# EXERCISE DESCRIPTION
Your answer must be an exact copy of the records below, minus any images.

# TASK MATERIAL
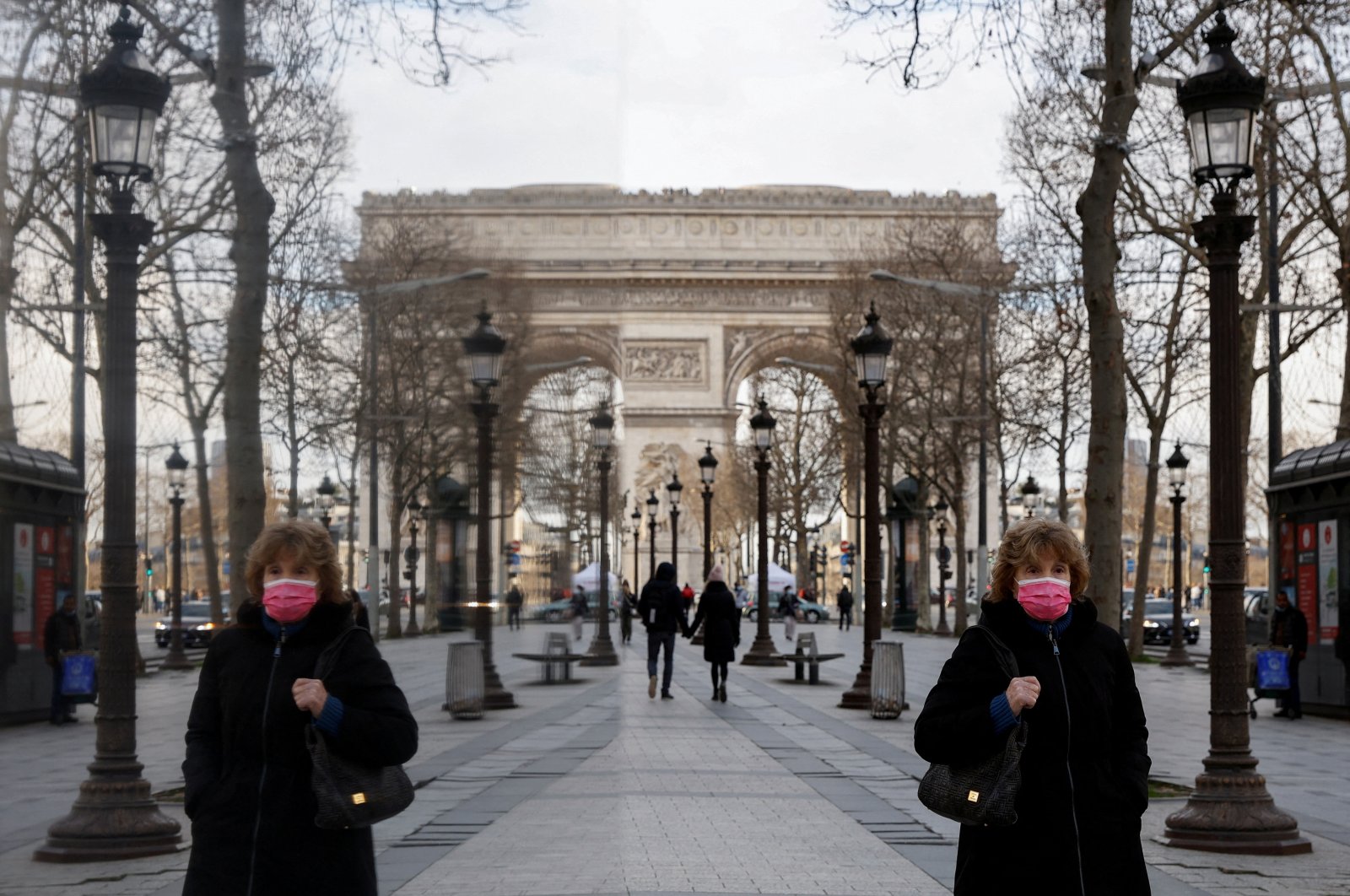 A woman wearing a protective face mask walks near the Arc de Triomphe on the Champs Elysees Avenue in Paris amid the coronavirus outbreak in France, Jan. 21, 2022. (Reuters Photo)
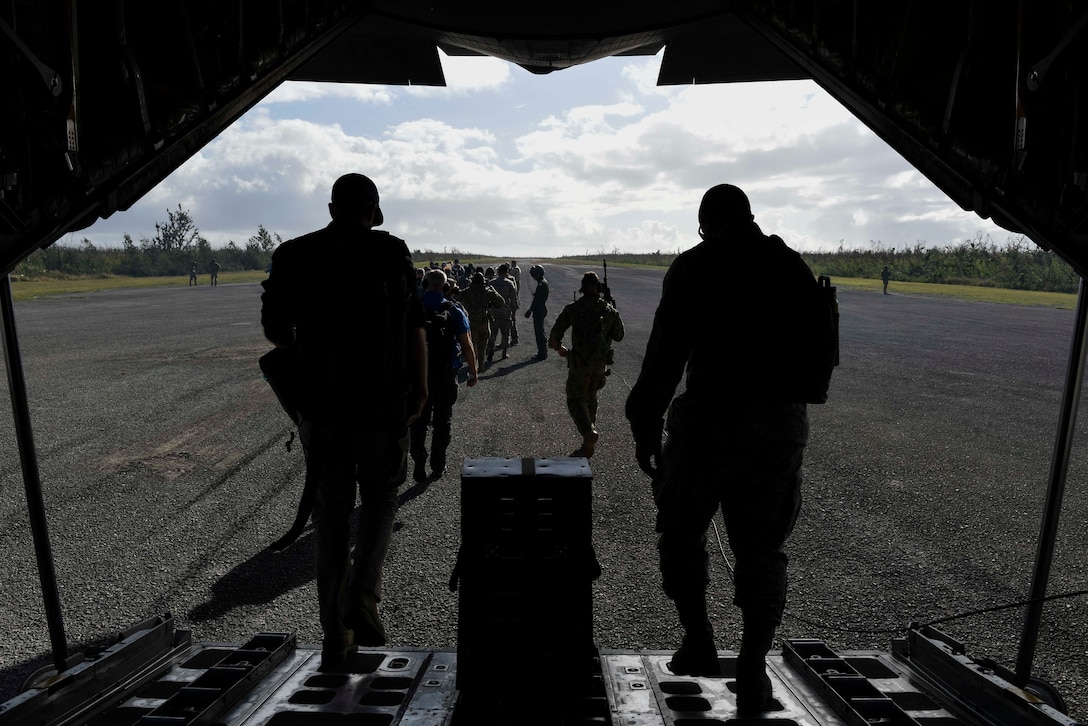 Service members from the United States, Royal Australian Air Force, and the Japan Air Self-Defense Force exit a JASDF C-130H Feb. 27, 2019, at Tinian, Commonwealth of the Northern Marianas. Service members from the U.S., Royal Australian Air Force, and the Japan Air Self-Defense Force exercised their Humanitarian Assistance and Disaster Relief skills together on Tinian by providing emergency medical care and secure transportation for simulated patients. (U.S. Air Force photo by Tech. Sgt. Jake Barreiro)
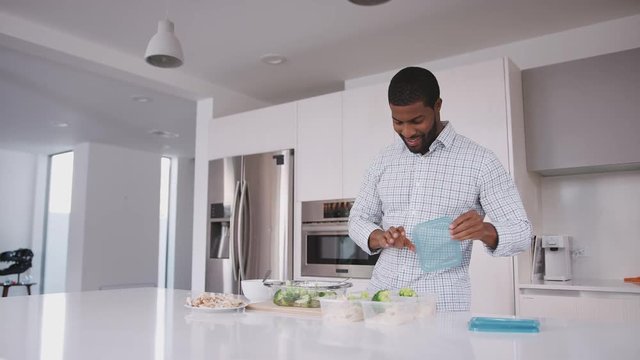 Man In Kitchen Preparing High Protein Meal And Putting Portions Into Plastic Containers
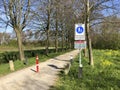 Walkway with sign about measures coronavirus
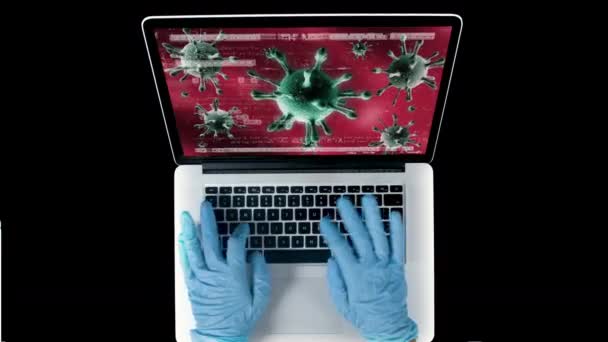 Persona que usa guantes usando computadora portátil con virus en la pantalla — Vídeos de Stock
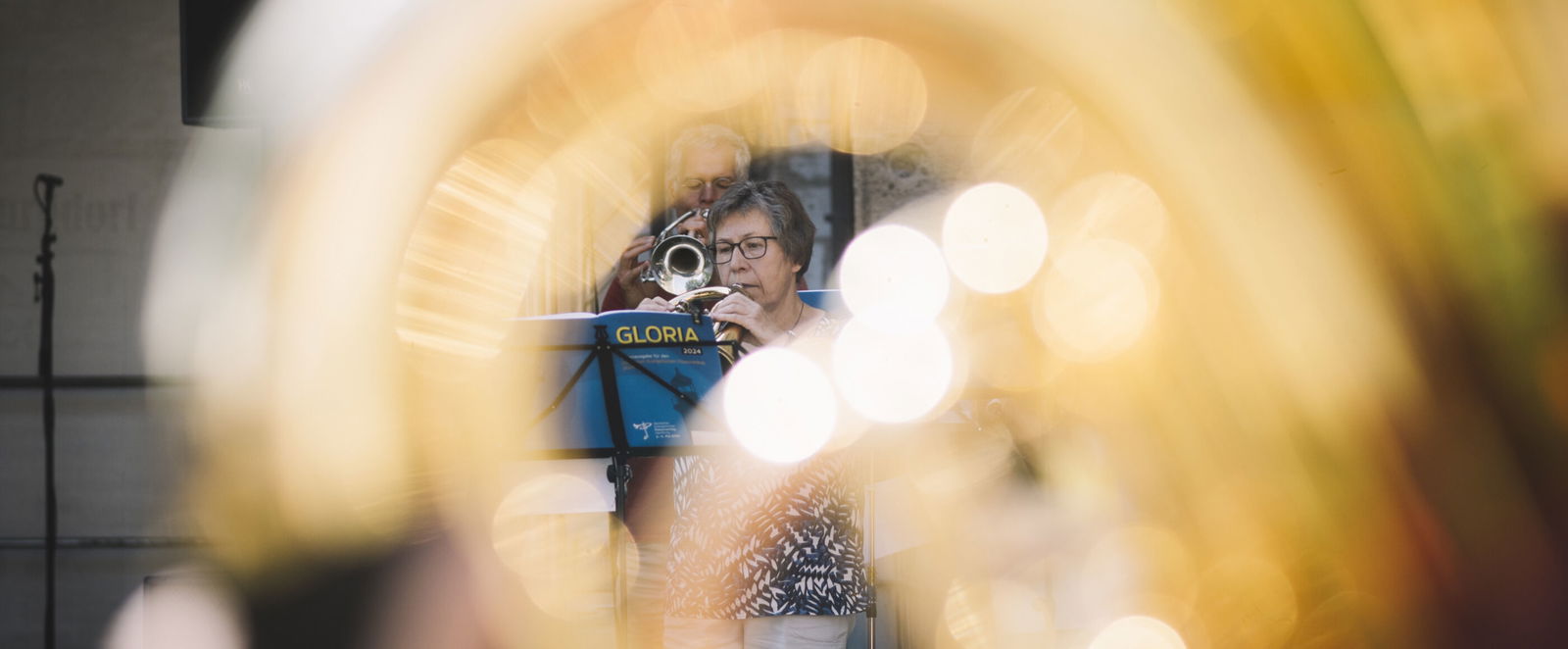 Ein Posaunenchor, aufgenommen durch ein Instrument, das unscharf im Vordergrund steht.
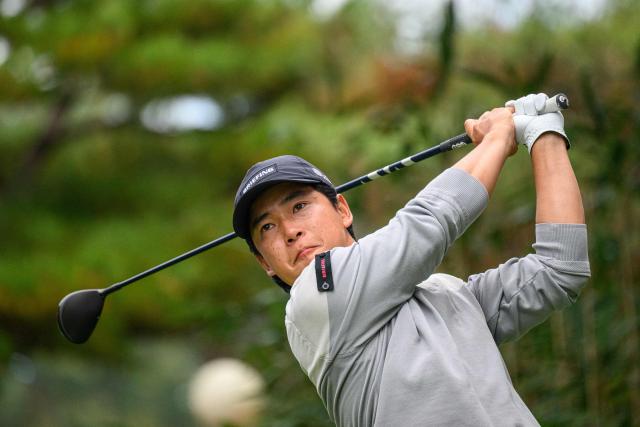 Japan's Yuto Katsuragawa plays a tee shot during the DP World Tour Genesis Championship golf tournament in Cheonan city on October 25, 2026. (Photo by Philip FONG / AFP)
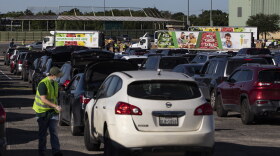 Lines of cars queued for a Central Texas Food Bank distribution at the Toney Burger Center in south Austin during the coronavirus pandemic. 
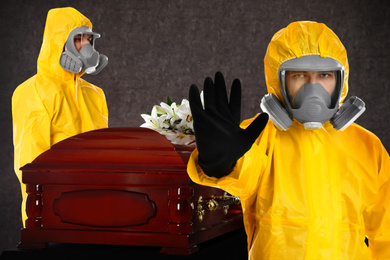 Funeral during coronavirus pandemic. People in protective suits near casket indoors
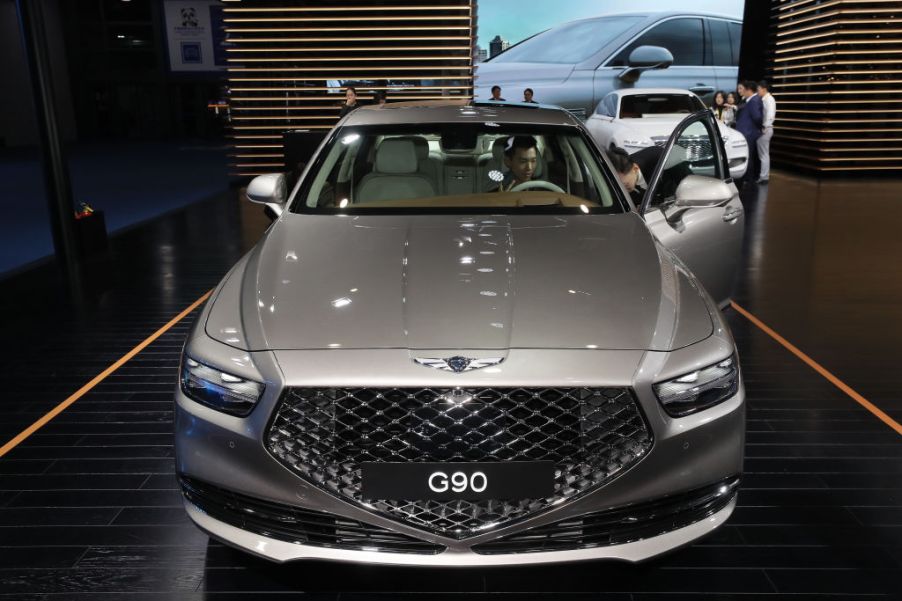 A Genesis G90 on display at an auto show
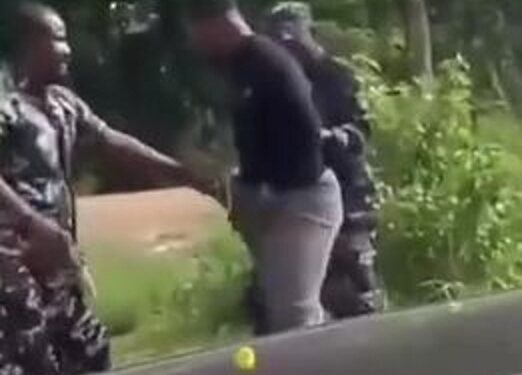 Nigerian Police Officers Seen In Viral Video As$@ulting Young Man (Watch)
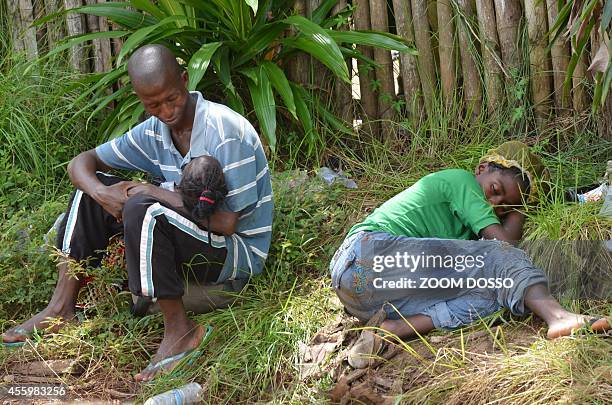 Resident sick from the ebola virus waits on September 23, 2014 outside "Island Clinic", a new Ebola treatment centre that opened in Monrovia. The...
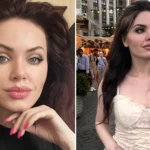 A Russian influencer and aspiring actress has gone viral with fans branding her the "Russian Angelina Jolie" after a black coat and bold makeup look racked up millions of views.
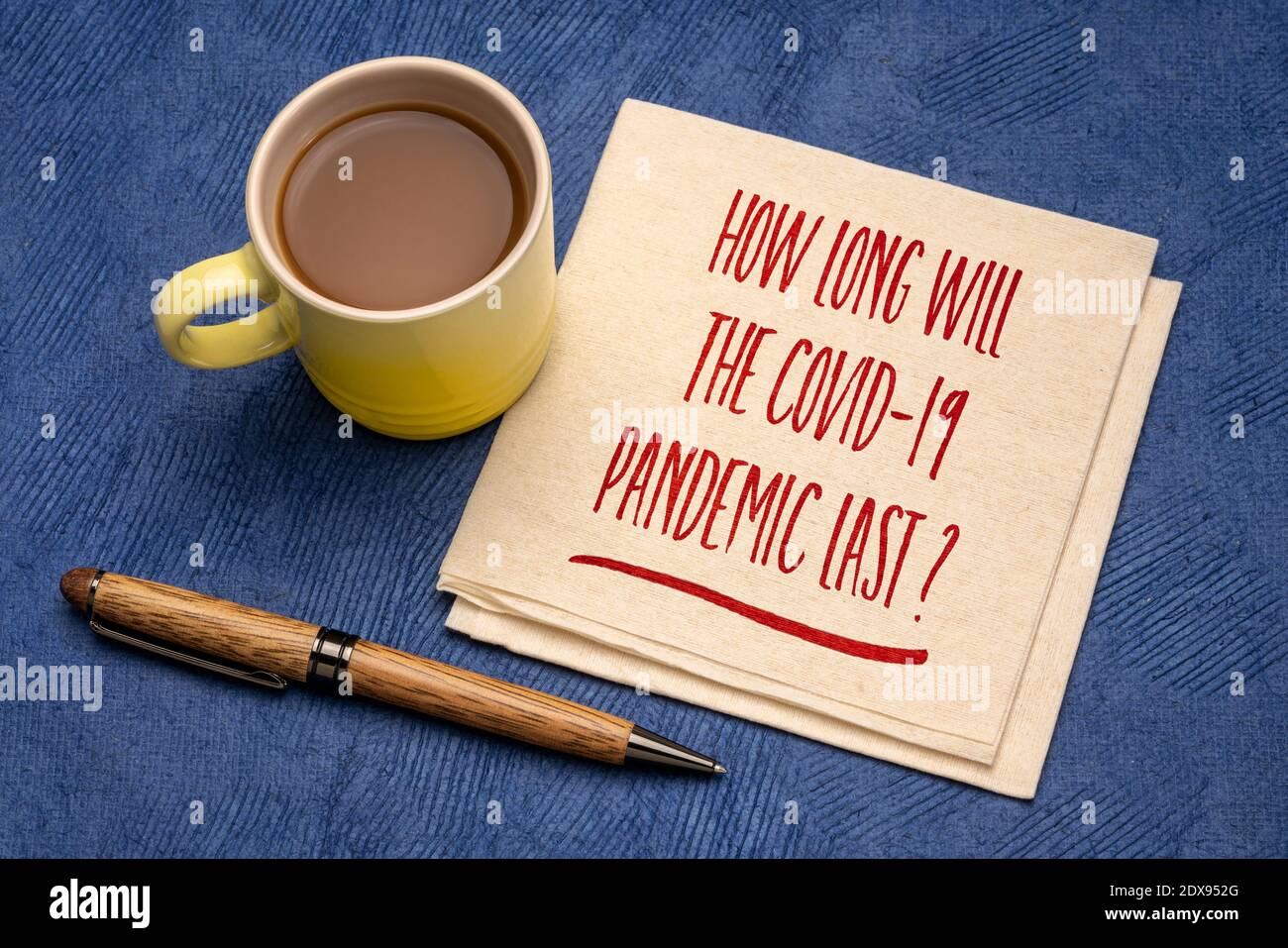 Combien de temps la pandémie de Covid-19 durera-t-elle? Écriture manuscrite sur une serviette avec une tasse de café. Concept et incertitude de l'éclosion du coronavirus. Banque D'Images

# EXPECTED ANSWER
 A woman wearing a protective face mask walks near the Arc de Triomphe on the Champs Elysees Avenue in Paris amid the coronavirus outbreak in France, Jan. 21, 2022. (Reuters Photo)
 Service members from the United States, Royal Australian Air Force, and the Japan Air Self-Defense Force exit a JASDF C-130H Feb. 27, 2019, at Tinian, Commonwealth of the Northern Marianas. Service members from the U.S., Royal Australian Air Force, and the Japan Air Self-Defense Force exercised their Humanitarian Assistance and Disaster Relief skills together on Tinian by providing emergency medical care and secure transportation for simulated patients. (U.S. Air Force photo by Tech. Sgt. Jake Barreiro)
 Man In Kitchen Preparing High Protein Meal And Putting Portions Into Plastic Containers
 Walkway with sign about measures coronavirus
 Persona que usa guantes usando computadora portátil con virus en la pantalla — Vídeos de Stock
 Ein Posaunenchor, aufgenommen durch ein Instrument, das unscharf im Vordergrund steht.
 Japan's Yuto Katsuragawa plays a tee shot during the DP World Tour Genesis Championship golf tournament in Cheonan city on October 25, 2026. (Photo by Philip FONG / AFP)
 Lines of cars queued for a Central Texas Food Bank distribution at the Toney Burger Center in south Austin during the coronavirus pandemic. 
 Funeral during coronavirus pandemic. People in protective suits near casket indoors
 A Genesis G90 on display at an auto show
 Nigerian Police Officers Seen In Viral Video As$@ulting Young Man (Watch)
 Resident sick from the ebola virus waits on September 23, 2014 outside "Island Clinic", a new Ebola treatment centre that opened in Monrovia. The...
 A Russian influencer and aspiring actress has gone viral with fans branding her the "Russian Angelina Jolie" after a black coat and bold makeup look racked up millions of views.
 Combien de temps la pandémie de Covid-19 durera-t-elle? Écriture manuscrite sur une serviette avec une tasse de café. Concept et incertitude de l'éclosion du coronavirus. Banque D'Images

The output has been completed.